Nifty At 25,000: Consider Overlooked Themes, Say Market Watchers
Investors must think long term and pick up themes and companies where growth has not been completely priced in yet, said Nimesh Chandan.
As India's benchmark index, the NSE Nifty 50, climbed to a fresh record and surpassed the key psychological barrier of the 25,000 mark, investors should review their portfolios, according to Nimesh Chandan, chief investment officer at Bajaj Finserv AMC Ltd.
Investors should take contrarian calls by choosing and investing in themes or companies which have been ignored from the past few years, he said. Apart from the international and capex side, he highlighted the need to focus more on the domestic or consumer front. “Investors must think long term and pick up themes and companies where growth has not completely priced in yet.”
From past three to four years, performance of consumer staples and discretionary segment has been very subdued. But the present green shots signal a positive pickup or growth in these sectors, Chandan said.

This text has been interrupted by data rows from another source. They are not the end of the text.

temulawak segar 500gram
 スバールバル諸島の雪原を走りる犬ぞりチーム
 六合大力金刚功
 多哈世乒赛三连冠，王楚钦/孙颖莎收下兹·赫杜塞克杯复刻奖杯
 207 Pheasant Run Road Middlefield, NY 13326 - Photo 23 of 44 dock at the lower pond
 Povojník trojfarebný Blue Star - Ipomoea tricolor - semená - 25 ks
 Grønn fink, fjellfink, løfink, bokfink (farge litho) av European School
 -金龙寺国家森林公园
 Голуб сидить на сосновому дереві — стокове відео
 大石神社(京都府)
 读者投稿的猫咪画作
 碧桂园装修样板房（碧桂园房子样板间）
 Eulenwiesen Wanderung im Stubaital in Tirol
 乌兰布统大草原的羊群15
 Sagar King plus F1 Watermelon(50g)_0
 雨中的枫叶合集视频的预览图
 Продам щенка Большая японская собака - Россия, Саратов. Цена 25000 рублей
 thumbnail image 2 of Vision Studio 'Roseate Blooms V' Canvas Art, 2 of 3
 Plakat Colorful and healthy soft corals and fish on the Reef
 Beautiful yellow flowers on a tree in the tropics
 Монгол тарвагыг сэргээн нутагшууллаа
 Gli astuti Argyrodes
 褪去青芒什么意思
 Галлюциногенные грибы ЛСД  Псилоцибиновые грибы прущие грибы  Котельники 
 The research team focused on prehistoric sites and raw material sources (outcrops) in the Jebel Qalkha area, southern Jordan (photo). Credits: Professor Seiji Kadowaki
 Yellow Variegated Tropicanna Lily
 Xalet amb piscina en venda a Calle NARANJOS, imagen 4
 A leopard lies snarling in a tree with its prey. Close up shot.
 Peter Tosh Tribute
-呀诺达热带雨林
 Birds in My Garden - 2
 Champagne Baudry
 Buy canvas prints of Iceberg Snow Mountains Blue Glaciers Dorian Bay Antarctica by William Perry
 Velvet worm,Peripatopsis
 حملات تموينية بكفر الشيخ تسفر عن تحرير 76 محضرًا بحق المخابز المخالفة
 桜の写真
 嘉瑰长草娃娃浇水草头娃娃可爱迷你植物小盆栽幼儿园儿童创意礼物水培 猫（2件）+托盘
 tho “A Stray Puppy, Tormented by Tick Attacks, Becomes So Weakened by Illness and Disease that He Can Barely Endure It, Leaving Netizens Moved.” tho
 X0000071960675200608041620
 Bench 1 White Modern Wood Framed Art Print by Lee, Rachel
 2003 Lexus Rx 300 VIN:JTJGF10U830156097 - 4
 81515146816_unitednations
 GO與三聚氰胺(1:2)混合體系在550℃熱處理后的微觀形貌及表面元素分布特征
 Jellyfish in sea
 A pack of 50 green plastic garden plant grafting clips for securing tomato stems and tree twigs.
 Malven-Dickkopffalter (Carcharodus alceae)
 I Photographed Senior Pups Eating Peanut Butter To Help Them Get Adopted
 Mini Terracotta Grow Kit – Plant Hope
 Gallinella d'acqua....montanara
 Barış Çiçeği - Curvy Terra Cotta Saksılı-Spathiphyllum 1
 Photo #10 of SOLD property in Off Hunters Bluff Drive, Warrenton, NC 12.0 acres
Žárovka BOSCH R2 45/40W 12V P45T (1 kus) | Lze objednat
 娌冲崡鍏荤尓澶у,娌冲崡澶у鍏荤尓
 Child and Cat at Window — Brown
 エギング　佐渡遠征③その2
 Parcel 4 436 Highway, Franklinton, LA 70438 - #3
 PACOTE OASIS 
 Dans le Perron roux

Risk factors are a blend of global and local issues, according to Mihir Vora, chief information officer at Trust Mutual Fund.
The most significant concern is the recent strengthening of the Yen due to the bank of Japan’s rate hike, which could trigger an unwinding of positions, he said. Earlier, Bank of Japan raised their policy rate to 0.25%.
It's crucial to sustain domestic growth through government spending and rural recovery to keep market sentiment positive, Vora said. Despite these risks, he remains optimistic about the market's overall outlook.
The benchmark took 23 sessions to reach the 24,000 mark, while it surpassed the 23,000 in 89 trading sessions. The gauge took 63 sessions more than it took to touch the 22,000 mark.
India is in a transformation stage, said Vikas Khemani, founder of Carnelian Asset Management & Advisors Pvt., who is optimistic about the wealth creation cycle in the next 10 years. Instead of worrying about the numbers, long-term investors should infuse their money in the markets, he advised.
"For the next 8-10 years, there is lot of money to be made from here. The best for the long-term investors is to stay put," he said.
Khemani is bullish on sectors like manufacturing, finance, consumption among others and recommended investors to not underplay risk, rather get "adjusted for the risk" to make better money.
Moving forward, rather than looking at a company’ market capitalisation, Khemani prefers to look at their business and the management running the company before investing. “If I find that a business is run by a good management, then I would rather buy it small than buying it big.”